Reporters Without Borders (RSF) condemns the increasing aggressiveness of President Jair Bolsonaro’s supporters towards journalists attending his press conferences, which has led many media outlets to announce that they will cease to go for the time being. The authorities must put a stop to these unprecedented and unacceptable threats to the media, RSF said.

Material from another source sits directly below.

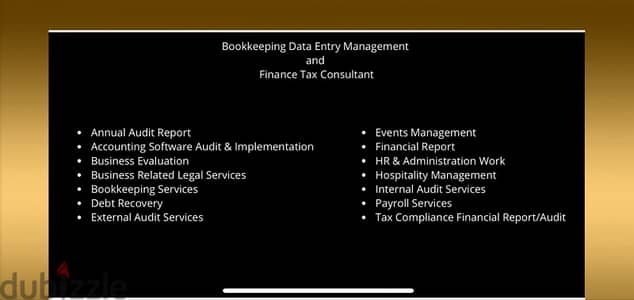 Finance Tax Consultant Annual Audit Report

The decision to suspend attendance at the informal press conferences that Bolsonaro gives almost daily outside the Alvorada presidential palace in Brasilia was announced on 26 May by the Globo group (which includes TV Globo, the O Globo and Valor Econômico newspapers and the G1 news website), the Bandeirantes media group, Folha de São Paulo (Brazil’s leading daily) and the Metropoles news website.

 

Although it issued no formal statement, the O Estado de S. Paulo newspaper also decided to stop sending reporters. The Correio Braziliense newspaper has already been staying away from the president’s press conferences since the start of May

 

This week’s unprecedented announcement came one day after the latest of many scenes of verbal violence and aggressiveness by Bolsonaro’s supporters, who have been separated by only low barriers from the reporters covering the president’s frequent public appearances in front of the Alvorada Palace.

 

The media outlets said the suspension was necessary because their reporters’ safety was not guaranteed. Bolsonaro’s supporters have taken to insulting and threatening them while the president looks on with evident amusement. The press conference on 25 May saw a distinct increase in the aggressiveness of the 60 or so activists shouting insults at the reporters from behind a low barrier.

  

Later the same day, when the president went to have lunch at the nearby defence ministry, some of the same activists tried to surround the journalists outside and seemed ready to attack them physically, until military police finally dispersed them. Yesterday, a CNN Brazil reporter was accosted and insulted by an especially aggressive Bolsonaro supporter outside the presidential palace.

 

It is disgraceful and unacceptable that a public building that symbolizes the republic has become the setting for shocking and systematic attacks against journalists by President Bolsonaro and his supporters,” said Emmanuel Colombié, the head of RSF’s Latin America bureau.

 

The authorities must guarantee the necessary security conditions so that the entire press can put questions to the president. RSF also expresses its solidarity with Brazilian journalists, whose work in an increasing hostile environment is more essential than ever during the pandemic.”

 

President Bolsonaro reacted to the announcement by accusing the media of trying to “victimize themselves.” Ever since the start of the Covid-19 pandemic – in which Brazil has been hit harder than any other Latin American country and is now the world epicentre – Bolsonaro has persisted in trying to deny its reality and has preferred to attack the media.

 

This was explained in the first of a series of quarterly reports on Brazil in which RSF analysed the methods used by Bolsonaro to discredit and undermine the media outlets that annoy him most.

 

Brazil is ranked 107th out of 180 countries and territories in RSF’s 2020 World Press Freedom Index.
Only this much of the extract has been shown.